Wow. I grew up with 240 volts. Never bothered me.


----------



## jtsharp06 (Jan 31, 2021)

Dan Pierce said:


> If the trains are running at full speed ain opposite directions on the 2 loops then the isolated joint has the full voltage of each power supply on the rails so the insulated joiner has a possible potential of the sum of both supplies across it. that could be over 40 volts!!


Dan,

Pardon my ignorance but isn't the isolation joints sole purpose to isolate each track to separate power supplies or feeds? Are you referring to some sort of voltage jump across the rails?

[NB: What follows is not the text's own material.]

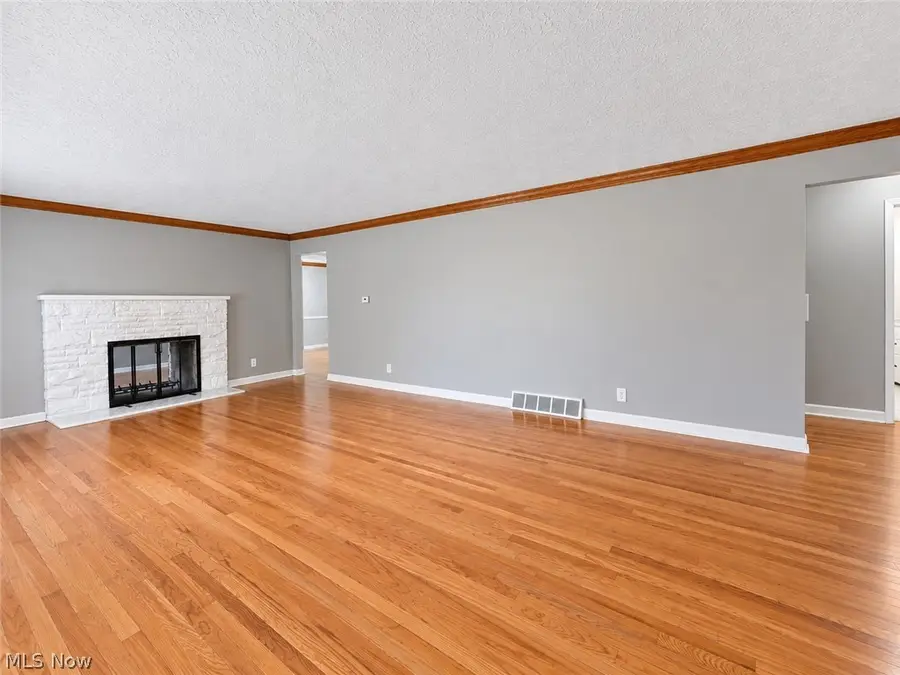 2961 Chamberlain Road, Akron, OH 44333 - #3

Sent from my SM-N981U using Tapatalk


----------



## Greg Elmassian (Jan 3, 2008)

that is indeed what he is saying, with a particular set of polarity the potential could be that much right at the insulated joint...


----------



## Dan Pierce (Jan 2, 2008)

If any rolling stock goes across the isolated section then the black magic smoke can occur. Also any person touching this joint can get a good shock and jump thus causing possible harm. Aristo 27mhz units would sometimes 'fry' when this happened. 
When the human body is dry it may not feel the flow of electricity as the current will be low, but if one is hot and sweaty, body resistance is much lower. In the summer outdoors when working on my live DCC 24 volt track I get a good tingle from touching both rails at the same time. It can be quite shocking.


----------



## jtsharp06 (Jan 31, 2021)

Ok, so the track plan has changed alot and I tried to make things a little more interesting and expandable. @Greg Elmassian would you mind taking a look at this wiring diagram to see if I am on the right path for DC? Like I said before I am going to start converting my locos to battery but will still have a few on DC. I did not show the switches wired because I didn't want the drawing to get to messy. Thanks again for all of the valuable feedback.


----------



## Greg Elmassian (Jan 3, 2008)

I would run the inner loop and the switchyard and the passing siding from one controller, and the outer loop from the other one.

You have mixed them. Maybe you wanted to run the switchyard independently of the inner loop? Using the yard will almost surely need to overlap to the "main" inner loop.

take the left hand output and move it to the inner loop... take the right hand output and move to the outer loop.

Greg


----------



## jtsharp06 (Jan 31, 2021)

Thanks Greg I will do that. All the isolation joints and polarity look correct?

Sent from my SM-N981U using Tapatalk


----------



## Greg Elmassian (Jan 3, 2008)

Looks very good, especially since you isolated the mainline opposite the passing siding on the inner loop.


----------